Director: Trevor Nunn
Stars: Judi Dench, Sophie Cookson, Tom Hughes
Released: April 19th (UK)
You may remember the story – from back in 2000 – of Melita Norwood, whom the tabloids dubbed the Granny Spy, and who was exposed as having been a prominent KGB spy for more than forty years. Adapting that story for the screen, naturally, comes with an obligatory requirement to get that casting note perfect. A duty the iconic stage director and occasional filmmaker Trevor Nunn clearly took to heart when casting Dame Judi Dench as a fictionalised take on the character. It may, however, have proven equally advantageous to ensure the story being told were given consideration too.
Both a (more or less) contemporary and period-set piece, the trim and bunting for the piece are all made for the intended grade – fine varnished Victorian bookshelves covered in Insta-friendly dust rings abound – and the story of a woman professionally trampled upon by nonchalant toffs is both an easy sell and typically affords the chance to tell a great story. Red Joan, however, chooses to do nothing with that story beyond merely bullet-point a reimagined version of it and throw in a handful of what feel awfully like something a studio exec would call “emotional beats”. And that’s before you get to Tom Hughes’ toe-curlingly drippy love interest or Lindsay Shapero’s thunderingly clunky screenplay.
Merely “inspired by” Norwood’s story, Nunn’s film tells of Joan Stanley, an aloof but kindly OAP pulled from her living room one day by Special Branch and taken through the case made against her. In flashback, we’re taken through the events that led Joan to this point – played by Kingsman’s Sophie Cookson in her younger years – and the romance that lit the way with Communist and activist Leo (Hughes). It’s a roughly fifty/fifty split, with Dench and Cookson sharing the screen time in the same manner as Dench herself previously with Kate Winslet in Iris, or Dame Helen Mirren with Tatiana Maslany in The Woman in Gold. Though both trounce Red Joan as regards quality in just about every way.
There’s interesting material to be found here, there, and everywhere in Red Joan, with elements such as Joan’s own empowerment or the exploration of activists seeking stability as much as they do change. These consistently prove too fleeting, however, to become tangiably acknowledged, let alone explored – a hardly unsurprising result of Shapero’s lumbering sense of plot bashing just about everything in its path out of the way as it bulldozes through and takes out the antique light fittings. It lacks warmth because it never stops feeling as if it were written without a semblance of emotional investment. Dench gives her absolute all to some big moments here – that script, though, that just can’t light a fire under it.

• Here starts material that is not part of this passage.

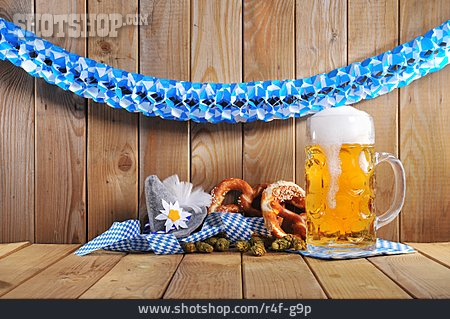 
                Bier, Brezel, Oktoberfest, Bayerisch                   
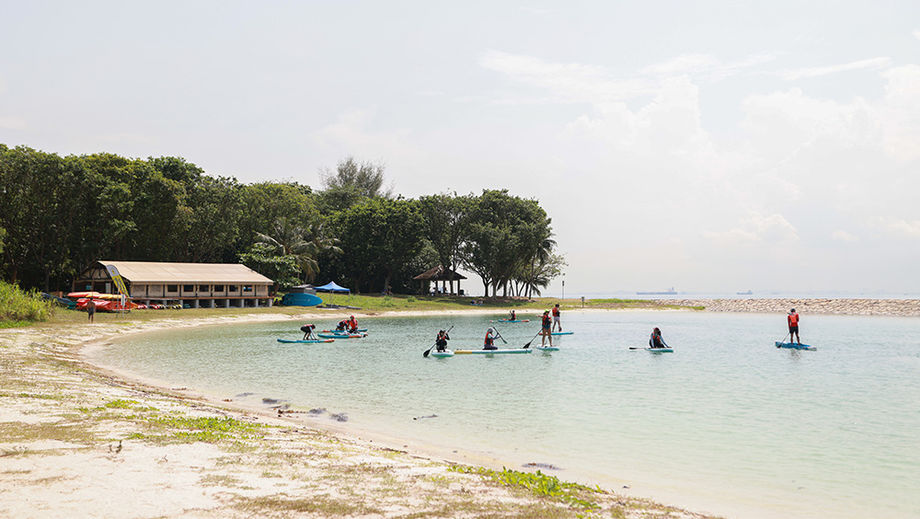 GSTC2024 participants enjoying low-carbon water sport activities such as stand-up paddleboarding and kayaking at Lazarus Island.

Bland, textureless, and uninvolving – though not uninteresting as a story – Red Joan would feel disposable were it a project developed for ITV, this startlingly sterile effort instead leaving the bad aftertaste of something you just know Keira Knightley will have turned down in 2005. Then again, the romanticism of yesteryear in a good ol’ fashioned espionage drama’s a hard force to repel, seeing The Imitation Game and A Beautiful Mind through to relative success, and could very well win out that same audiences on what’s otherwise rather lacklustre.